Composed in 1789 by the freed slave, Olaudah Equiano, “The Interesting Narrative” offers an in-depth account of the horrors of the transatlantic slave trade. Equiano recounts his life before slavery in Africa, his kidnapping and enslavement and his involvement in abolition and social reform after slavery. The text is short, beautifully-articulated, and the first slave narrative to have been written. Though the book’s historical accuracy is debated (learn about this in greater detail when you take English 232, “Writing America”), Equiano captures his reader’s attention through this fascinating, horrifying, heart-wrenching account of his life.

“No-No Boy”

Japanese-American author John Okada’s only novel, “No-No Boy” is the story of Ichiro Yamada, whose divided loyalties keep him from participating in American war efforts.
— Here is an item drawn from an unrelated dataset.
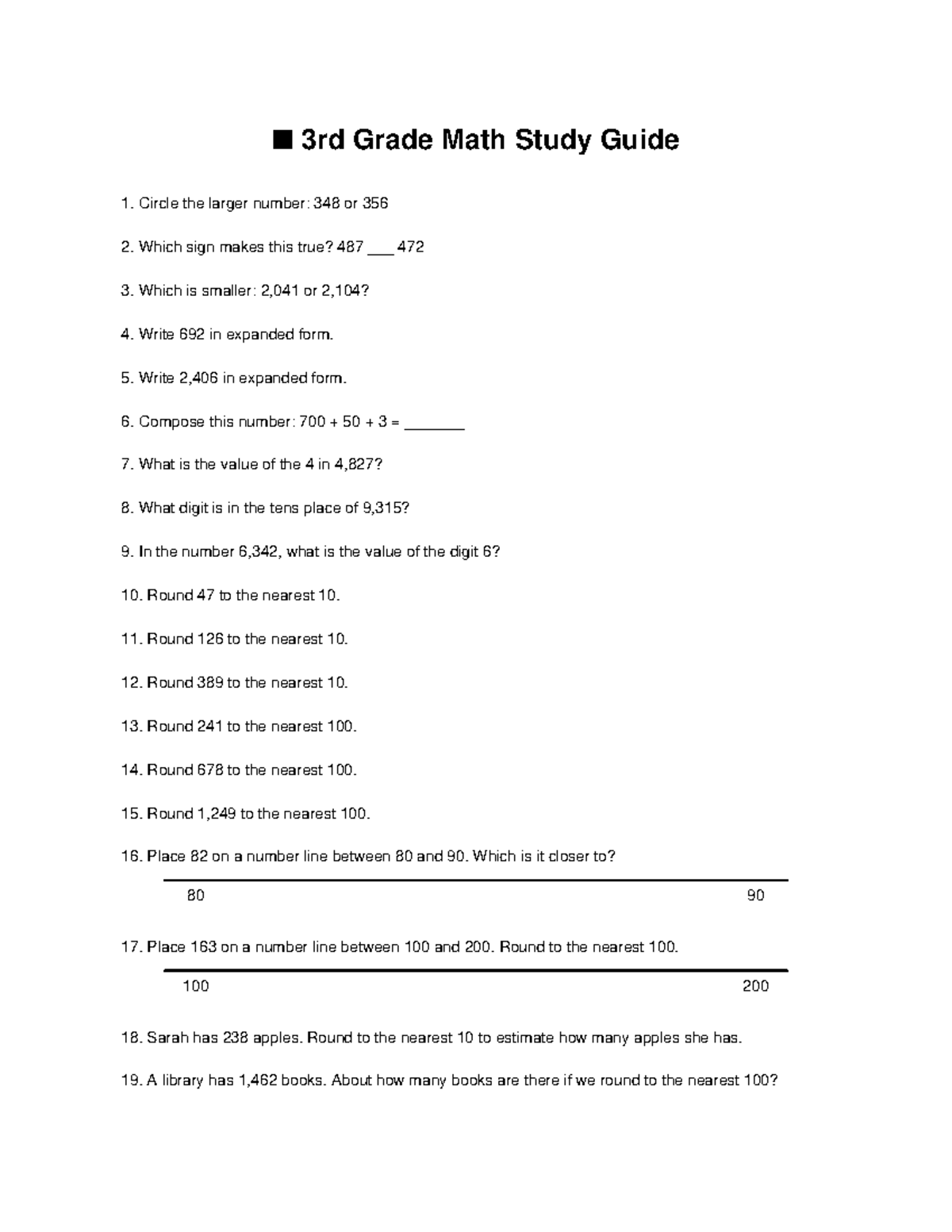 3rd Grade Math Study Guide: Key Concepts & Practice Problems - Studocu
Set in Seattle, we follow this omniscient narrator as he attempts to rebuild his life after his refusal to fight for America in World War II results in a two-year prison sentence. Through Ichiro, Okada gives a voice to those Japanese-Americans who have historically found themselves voiceless. The text is thoughtful, thought-provoking and a fantastic piece of literature that scholars have only begun to discover within the last few years. If you cannot take English 203, “Asian American Literature,” on your own but are looking for an unexplored but classic work, this could very likely be the perfect book for you.
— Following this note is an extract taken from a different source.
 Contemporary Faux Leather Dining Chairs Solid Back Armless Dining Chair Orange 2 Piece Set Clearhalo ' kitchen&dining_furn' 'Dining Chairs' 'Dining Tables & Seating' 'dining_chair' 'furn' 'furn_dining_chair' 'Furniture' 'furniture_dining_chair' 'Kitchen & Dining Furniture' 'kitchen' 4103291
A second text from English 232, “Writing America,” Charles Brockden Brown’s novel, “Wieland,” tells the story of Clara Wieland and the mysterious events that befall her and her family. It is one of America’s first gothic novels, a mixture of mystery, science-fiction and horror, that kept me fervently reading long after I should have been in bed. If you are still entrenched in the Halloween spirit and are in need of a good, scary book, or if you are out of Cage dollars and need a free stimulant that works just as effectively as caffeine, be sure to check out “Wieland” from the library today!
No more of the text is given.